__Input data__
>>>
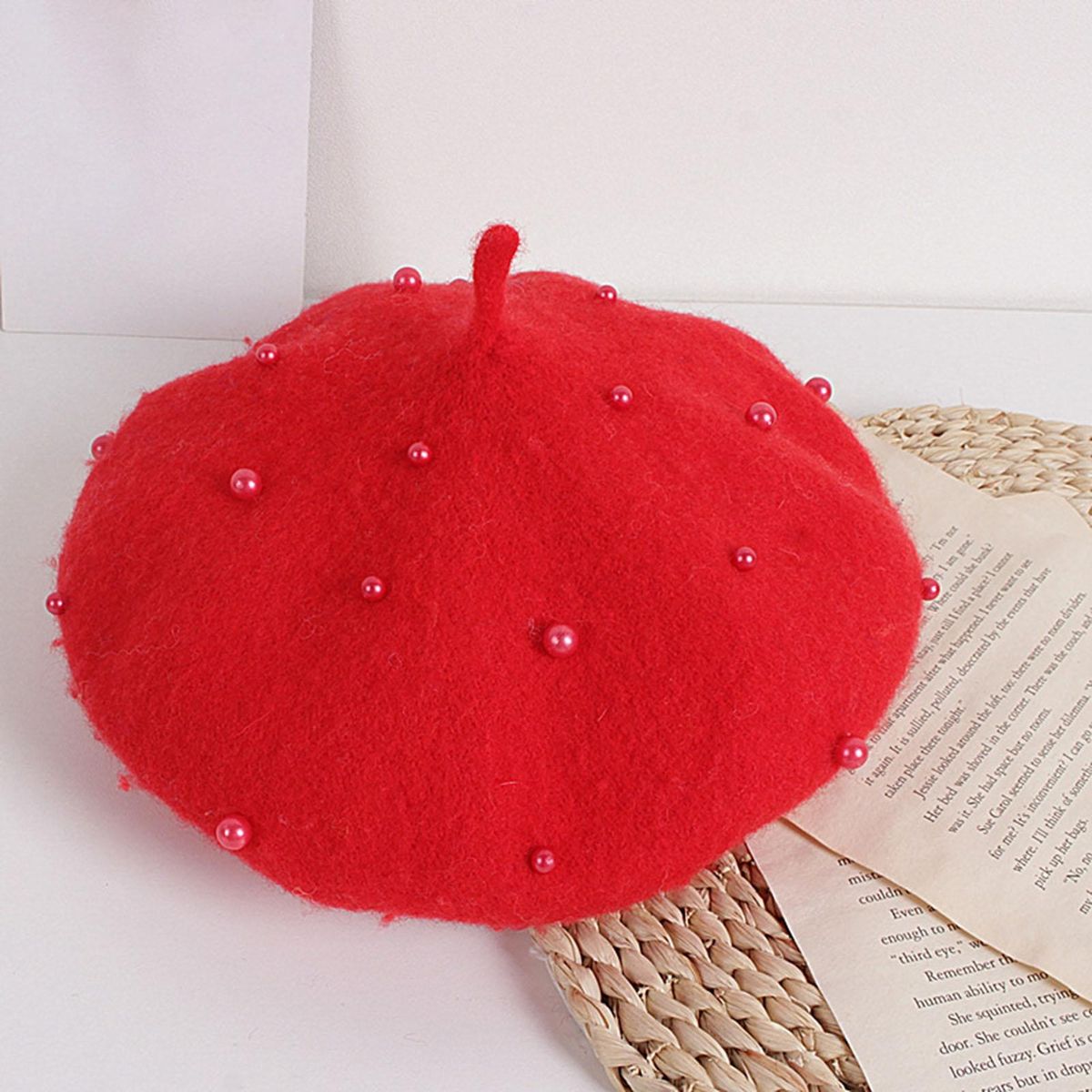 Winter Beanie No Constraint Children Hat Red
<<<
>>>
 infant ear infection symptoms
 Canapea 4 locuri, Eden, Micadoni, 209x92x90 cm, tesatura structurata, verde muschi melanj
<<<
__Action item__
When you reach the line with "infant ear infection symptoms" in the records above, start writing out lines exactly, and stop once the line with "Canapea 4 locuri, Eden, Micadoni, 209x92x90" has been written; include nothing else.

__Answer to this problem__
 infant ear infection symptoms
 Canapea 4 locuri, Eden, Micadoni, 209x92x90 cm, tesatura structurata, verde muschi melanj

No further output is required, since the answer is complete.